Gayle runs at a speed of 3.70 m/s and dives on a sled, initially at rest on the top of a frictionless snow-covered hill. After she has descended a vertical distance of 5.00 m, her brother, who is initially at rest, hops on her back and together they continue down the hill. What is their speed at the bottom of the hill if the total vertical drop is 15.0 m? Gayle's mass is 45.0 kg, the sled has a mass of 5.15 kg and her brother has a mass of 30.0 kg.

To solve this problem, we need to use the principle of conservation of energy.
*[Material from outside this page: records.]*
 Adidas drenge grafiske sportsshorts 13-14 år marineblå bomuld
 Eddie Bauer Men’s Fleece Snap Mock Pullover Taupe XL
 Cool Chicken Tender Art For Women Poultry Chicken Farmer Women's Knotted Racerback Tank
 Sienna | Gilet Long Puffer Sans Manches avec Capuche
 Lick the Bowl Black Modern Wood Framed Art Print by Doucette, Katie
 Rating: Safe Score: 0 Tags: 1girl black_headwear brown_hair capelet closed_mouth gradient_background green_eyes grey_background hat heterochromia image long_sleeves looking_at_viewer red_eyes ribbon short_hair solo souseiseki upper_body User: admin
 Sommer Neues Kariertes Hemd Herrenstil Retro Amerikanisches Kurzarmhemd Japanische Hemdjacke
The total mechanical energy of the system (potential energy + kinetic energy) is conserved in the absence of non-conservative forces like friction.
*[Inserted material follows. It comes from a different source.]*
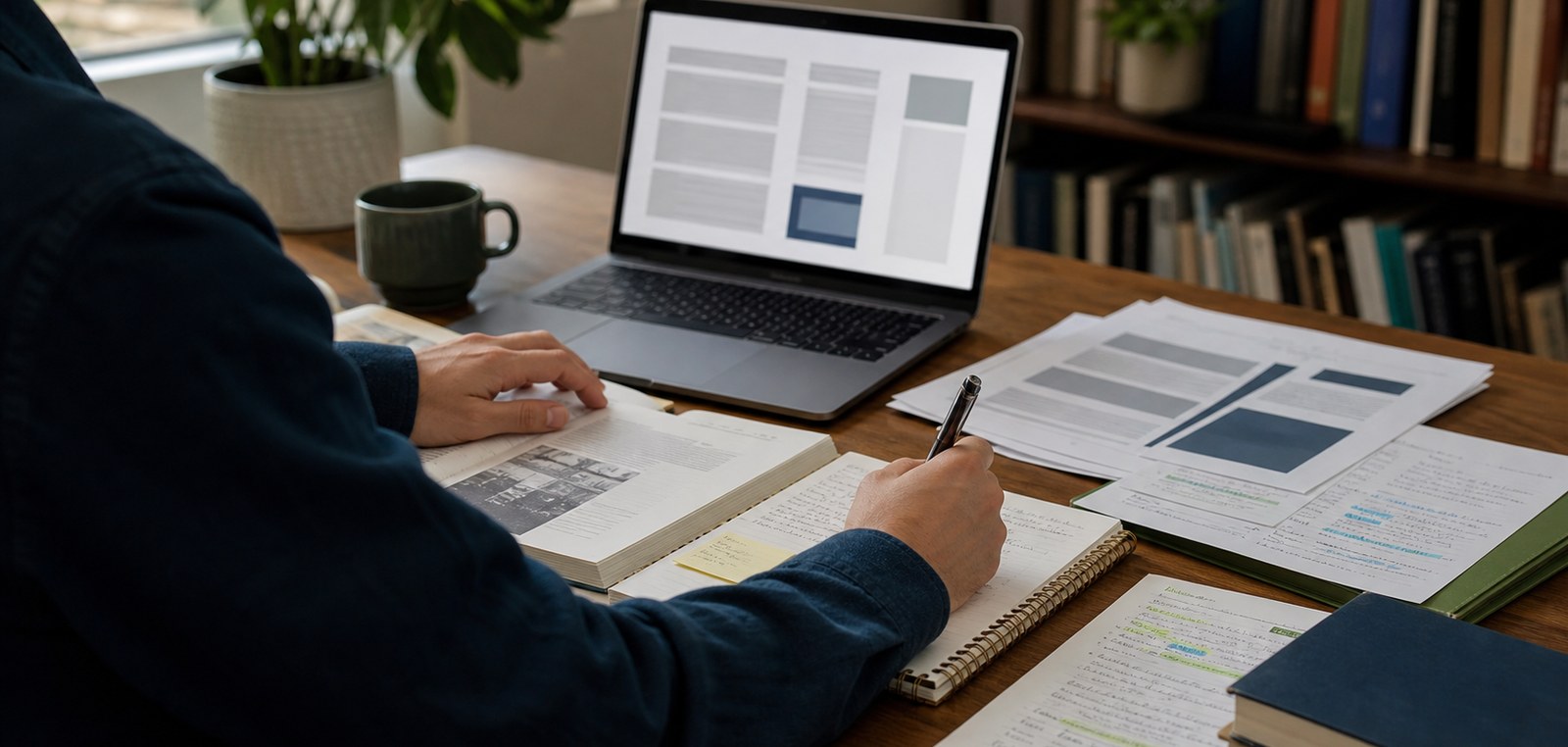 Researcher comparing source documents and recording evidence at a desk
Step 1: Calculate the initial potential energy of Gayle and the sled. Potential energy (PE) = mgh where m is the mass, g is the acceleration due to gravity (9.8 m/s^2), and h is the height. PE = (45 kg + 5.15 kg) * 9.8 m/s^2 * 5 m = 2457 J

Step 2: Calculate the kinetic energy of Gayle and the sled after descending 5 m. Since the total mechanical energy is conserved, the kinetic energy (KE) at this point is equal to the initial potential energy. KE = 1/2 * m * v^2 where m is the mass and v is the velocity. Solving for v, we get v = sqrt((2 * KE) / m) = sqrt((2 * 2457 J) / (45 kg + 5.15 kg)) = 9.8 m/s

Step 3: Calculate the final potential energy when Gayle's brother hops on. The total mass now is the mass of Gayle, the sled, and her brother. The remaining height is 15 m - 5 m = 10 m. PE = mgh = (45 kg + 5.15 kg + 30 kg) * 9.8 m/s^2 * 10 m = 7840 J

Step 4: Calculate the final speed at the bottom of the hill. Again, since energy is conserved, the final kinetic energy is equal to the final potential energy. Solving for v, we get v = sqrt((2 * KE) / m) = sqrt((2 * 7840 J) / (45 kg + 5.15 kg + 30 kg)) = 14 m/s

So, their speed at the bottom of the hill is 14 m/s.